BY MARC LEVY
Associated Press
HARRISBURG, Pa. (AP) — When Nikki Haley suspended her presidential campaign, she refused to endorse Donald Trump as the last remaining major candidate for the 2024 Republican nomination—and apparently so did some of her supporters in Pennsylvania.
Haley won almost 17% of Pennsylvania’s primary vote Tuesday, or 1 in 6 votes, to Trump’s 83%, despite not campaigning for president since she ended her bid in early March.
Pennsylvania’s 19 electoral votes up for grabs in the presidential election make it a premier battleground state. So should those Haley GOP voters refuse to support Trump in November, it could prove a damaging blow to his prospects for victory in the state and, possibly, reelection.

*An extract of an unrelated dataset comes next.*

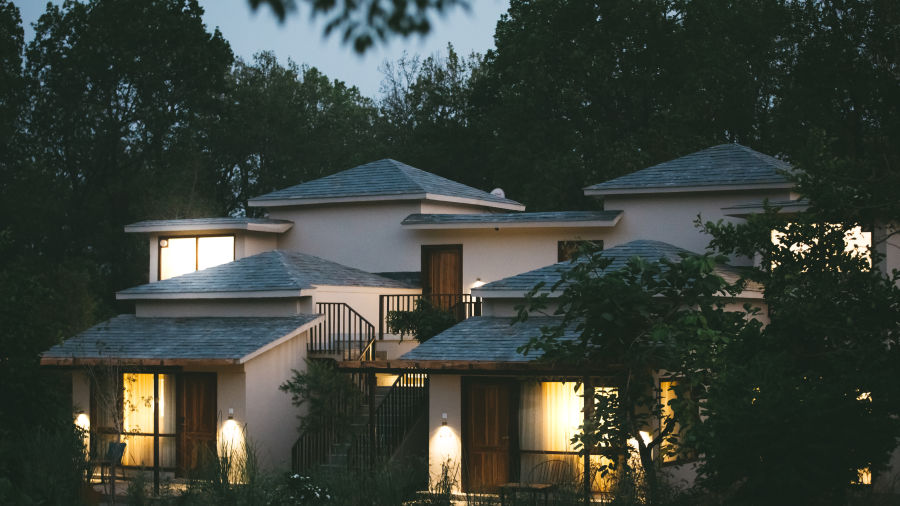 villas at Saraca Corbett during night time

Haley’s base was never big enough to seriously challenge Trump before he clinched a third straight Republican presidential nomination.
But with nearly all ballots counted in Pennsylvania’s primary, the former U.N. ambassador and South Carolina governor tallied more than 156,000 votes, or about twice the 80,500-vote margin by which Democrat Joe Biden beat Trump in Pennsylvania in 2020. Pennsylvania’s election was even closer in 2016, when Trump beat Democrat Hillary Clinton by 44,000 votes.
A larger proportion of votes for Haley tended to come from urban and suburban areas where Trump suffered massive losses in his two previous presidential campaigns.
On the Democratic side, U.S. Rep. Dean Phillips of Minnesota won 7% against Biden, or nearly 70,000 votes as of Wednesday morning. Counties had reported nearly 60,000 for write-in candidates. A handful of counties had not yet reported write-in totals, and the breakdown of write-in votes for “uncommitted” was not immediately available.
Phillips and Haley qualified for Pennsylvania’s primary ballot before they dropped out of the presidential race, and Biden and Trump are on track to win their parties’ presidential nominations and face each other in November’s general election. Phillips has endorsed Biden.
All told, about 1 million ballots have been counted apiece in Tuesday’s GOP and Democratic presidential primaries in Pennsylvania, out of 3.5 million registered Republican voters and 3.9 million registered Democratic voters.
Pennsylvania holds closed primary elections, meaning that someone must have been registered as a Republican or a Democrat by April 8 to have voted in the primary for that party.